Greco v. Zuidema
This text of 303 A.D.2d 680 (Greco v. Zuidema) is published on Counsel Stack Legal Research, covering Appellate Division of the Supreme Court of the State of New York primary law. Counsel Stack provides free access to over 12 million legal documents including statutes, case law, regulations, and constitutions.
Opinion
—In two related support proceedings pursuant to Family Court Act article 4, the father appeals, as limited by his brief, from so much of an order of the Family Court, Dutchess County (Brands, J.), dated January 9, [681]*6812002, as denied his objections to so much of an order of the same court (Kaufman, H.E.), dated November 7, 2001, as, after a hearing, inter alia, directed him to pay child support in the amount of $210.71 weekly. Justice Schmidt has been substituted for the late Justice O’Brien (see 22 NYCRR 670.1 [c]).

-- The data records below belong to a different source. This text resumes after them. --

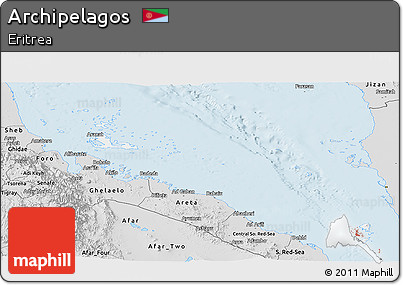 Silver Style Panoramic Map of Archipelagos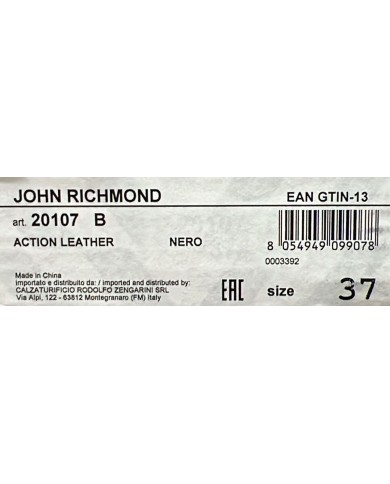 Sneaker Donna John Richmond 20107 Action Leather Logata Leather Black Copia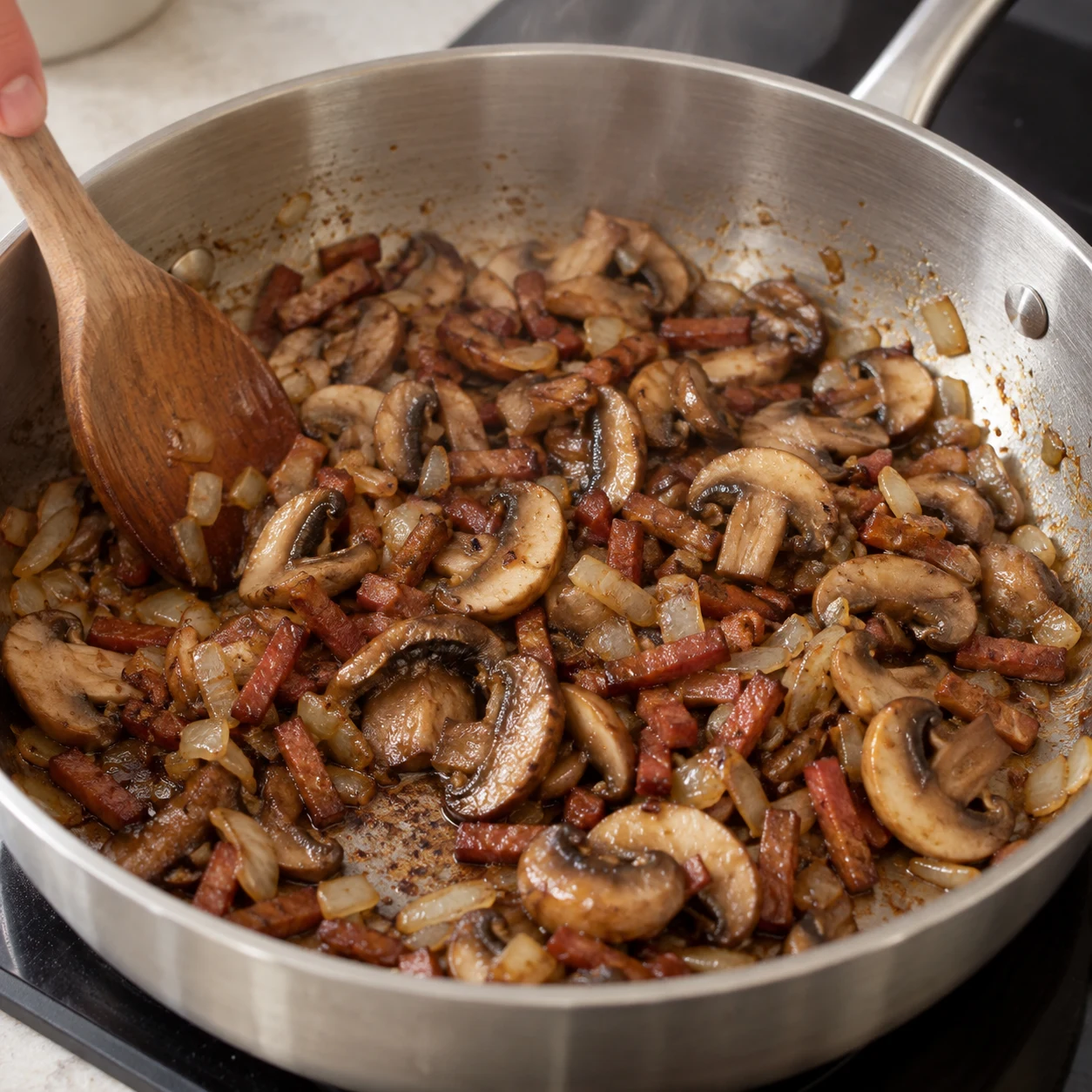Une seule action : Faire réduire les champignons. Les champignons ont diminué de volume et leur eau s’est en grande partie évaporée. Uniquement les ingrédients de cette phase : Oignon, Huile végétale, Lardons végétaux fumés, Champignons de Paris. Allumettes végétales fumées rosées à base de soja ; jamais de tofu ni de miso.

Ordered that the order dated January 9, 2002, is reversed insofar as appealed from, as a matter of discretion, without costs or disbursements, the order dated November 7, 2001, is vacated, and the matter is remitted to the Family Court, Dutchess County, for a hearing before a different hearing examiner in accordance herewith.

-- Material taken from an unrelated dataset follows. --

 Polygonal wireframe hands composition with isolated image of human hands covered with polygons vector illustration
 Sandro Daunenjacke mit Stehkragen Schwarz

The parties, who were divorced in 1998, are the parents of three children. The respondent mother sought an award of support and expenses for the parties’ oldest child, while the appellant father cross-petitioned for support for the parties’ two younger children, who reside with him. Several days before the two petitions were scheduled for a consolidated hearing, the father learned of an unavoidable job-related conflict, and requested an adjournment; the mother consented to this request.
While the decision to grant or deny an adjournment is left to the Hearing Examiner’s discretion (see Family Ct Act § 435 [b]; Bay Ridge Fed. Sav. & Loan Assn v Morano, 199 AD2d 354, 355 [1993]; Gramma v Gramma, 161 AD2d 899 [1990]; Matter of Shirley R. v Ricardo B., 144 AD2d 472 [1988]), in light of the fact that this was the first requested adjournment, the mother consented thereto, and the father was also a cross-petitioner, the Hearing Examiner’s refusal to grant the father an adjournment was an improvident exercise of discretion (see Sutka v Sutka, 281 AD2d 470 [2001]; Feldman v Feldman, 204 AD2d 268 [1994]; Saborio v Saborio, 147 AD2d 468 [1989]; McPeek v Krisher, 134 AD2d 578 [1987]; but see Matter of Shirley R. v Ricardo B., supra; Matter of Claburn v Claburn, 128 AD2d 937 [1987]).
Since a new hearing is required, we do not reach the parties’ remaining contentions. Ritter, J.P., Feuerstein, Luciano and Schmidt, JJ., concur.